For a description of limitations on the payment of our dividends, see “Part II, Item 5. Market for Registrant’s Common Equity, Related Stockholder Matters and Issuer Purchases of Equity Securities” in our 2025 Annual Report.
ITEM 3. DEFAULTS UPON SENIOR SECURITIES
None.
ITEM 4. MINE SAFETY DISCLOSURES
Not applicable.
ITEM 5. OTHER INFORMATION
Rule 10b5-1 Trading Plans
During the three months ended March 31, 2026, none of our directors or “officers” (as such term is defined in Rule 16(a)-1(f) under the Exchange Act) adopted or terminated a “Rule 10b5-1 trading agreement” or “non-Rule 10b5-1 trading arrangement” (each as defined in Item 408 of Regulation S-K).
Financing Transactions
Unsecured Notes due 2031 and 2033. In April 2026, TES issued in private placement transactions not involving a public offering, and each at par: (i) $1.5 billion in aggregate principal amount of 6.125% Senior Unsecured Notes due 2031, with interest payable on May 1 and November 1 of each year, and (ii) $2.5 billion in aggregate principal amount of 6.375% Senior Unsecured Notes due 2033, with interest payable on May 1 and November 1 of each year.

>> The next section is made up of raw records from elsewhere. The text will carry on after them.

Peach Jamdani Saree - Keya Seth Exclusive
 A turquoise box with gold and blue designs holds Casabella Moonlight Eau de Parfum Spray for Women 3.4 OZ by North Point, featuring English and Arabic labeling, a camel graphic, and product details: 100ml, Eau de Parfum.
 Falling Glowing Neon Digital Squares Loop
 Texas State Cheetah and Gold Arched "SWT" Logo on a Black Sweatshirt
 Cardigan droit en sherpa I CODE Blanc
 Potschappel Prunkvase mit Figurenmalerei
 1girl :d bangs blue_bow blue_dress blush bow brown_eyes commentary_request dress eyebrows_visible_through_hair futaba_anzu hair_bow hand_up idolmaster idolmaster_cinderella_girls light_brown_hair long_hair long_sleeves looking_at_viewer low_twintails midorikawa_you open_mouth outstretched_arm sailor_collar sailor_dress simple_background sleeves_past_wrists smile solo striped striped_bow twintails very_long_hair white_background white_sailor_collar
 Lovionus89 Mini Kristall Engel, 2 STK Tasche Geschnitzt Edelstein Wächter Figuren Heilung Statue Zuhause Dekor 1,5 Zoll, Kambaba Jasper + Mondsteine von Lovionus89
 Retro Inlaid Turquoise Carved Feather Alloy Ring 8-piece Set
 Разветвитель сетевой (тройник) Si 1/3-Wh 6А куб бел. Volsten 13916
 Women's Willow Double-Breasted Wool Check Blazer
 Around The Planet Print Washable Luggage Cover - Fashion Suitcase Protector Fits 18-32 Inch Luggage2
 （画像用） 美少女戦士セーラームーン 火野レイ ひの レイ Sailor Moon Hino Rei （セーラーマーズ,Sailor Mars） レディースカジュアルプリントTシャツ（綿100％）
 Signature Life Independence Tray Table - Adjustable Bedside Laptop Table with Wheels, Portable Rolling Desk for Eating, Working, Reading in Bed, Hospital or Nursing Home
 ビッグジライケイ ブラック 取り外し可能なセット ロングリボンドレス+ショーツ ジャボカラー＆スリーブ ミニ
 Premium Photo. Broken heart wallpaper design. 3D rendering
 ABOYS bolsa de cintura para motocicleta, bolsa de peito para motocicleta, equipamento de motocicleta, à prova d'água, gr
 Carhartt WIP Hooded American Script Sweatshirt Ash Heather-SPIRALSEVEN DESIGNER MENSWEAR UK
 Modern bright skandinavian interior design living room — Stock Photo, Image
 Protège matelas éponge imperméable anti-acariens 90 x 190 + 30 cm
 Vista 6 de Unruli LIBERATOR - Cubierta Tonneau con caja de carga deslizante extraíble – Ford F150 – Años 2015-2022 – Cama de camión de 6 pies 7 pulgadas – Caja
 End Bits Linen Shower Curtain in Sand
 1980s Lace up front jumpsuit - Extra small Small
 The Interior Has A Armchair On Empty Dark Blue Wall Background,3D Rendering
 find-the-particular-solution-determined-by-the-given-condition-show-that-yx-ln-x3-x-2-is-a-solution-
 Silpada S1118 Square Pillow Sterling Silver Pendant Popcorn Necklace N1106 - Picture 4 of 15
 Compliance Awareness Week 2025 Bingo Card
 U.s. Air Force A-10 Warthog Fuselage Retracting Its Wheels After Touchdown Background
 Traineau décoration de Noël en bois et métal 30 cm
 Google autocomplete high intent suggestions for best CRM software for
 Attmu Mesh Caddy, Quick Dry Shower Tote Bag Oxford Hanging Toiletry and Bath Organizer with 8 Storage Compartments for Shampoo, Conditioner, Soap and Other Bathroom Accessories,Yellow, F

We intend to use the net proceeds from the issuance and sale of the Unsecured Notes due 2031 and 2033 to fund the cash portion of the Cornerstone Acquisition and we have used a portion of the net proceeds to redeem the Company’s outstanding Secured Notes. The Unsecured Notes due 2031 were issued under an indenture, dated April 29, 2026 (the “2031 Unsecured Notes Indenture”), by and among TES, the guarantors party thereto and Wilmington Savings Fund Society, FSB, as trustee. The Unsecured Notes due 2033 were issued under an indenture, dated April 29, 2026 (the “2033 Unsecured Notes Indenture”), by and among TES, the guarantors party thereto and Wilmington Savings Fund Society, FSB, as trustee.
The Unsecured Notes due 2031 and 2033 are subject to customary negative covenants, including but not limited to, certain limitations on incurrence of liens and transactions involving the Susquehanna assets, but do not contain any financial covenants. The Unsecured Notes due 2031 and 2033 also contain customary affirmative covenants, events of default, and remedies (including acceleration) and are subject to mandatory redemption provisions in the event that the Cornerstone Acquisition is not completed pursuant to the note purchase agreement. In the event that the Cornerstone Acquisition has not been consummated by January 15, 2027 (or, to the extent such date is automatically extended pursuant to the terms of the Cornerstone Merger Agreement,July 15, 2027), $1.05 billion in aggregate principal amount of the Unsecured Notes due 2031 and $1.75 billion in aggregate principal amount of the Unsecured Notes due 2033 will be redeemed, in each case, at a price equal to 100% of the issue price, plus accrued and unpaid interest.
Secured Notes. In April 2026, TES redeemed in full, the Company’s outstanding Secured Notes in aggregate principal amount of $1.2 billion, using a portion of the net proceeds of the Unsecured Notes due 2031 and 2033. In connection with the redemption, approximately $60 million of expenses are expected to be incurred, primarily consisting of a make-whole payment and derecognition of capitalized deferred finance costs.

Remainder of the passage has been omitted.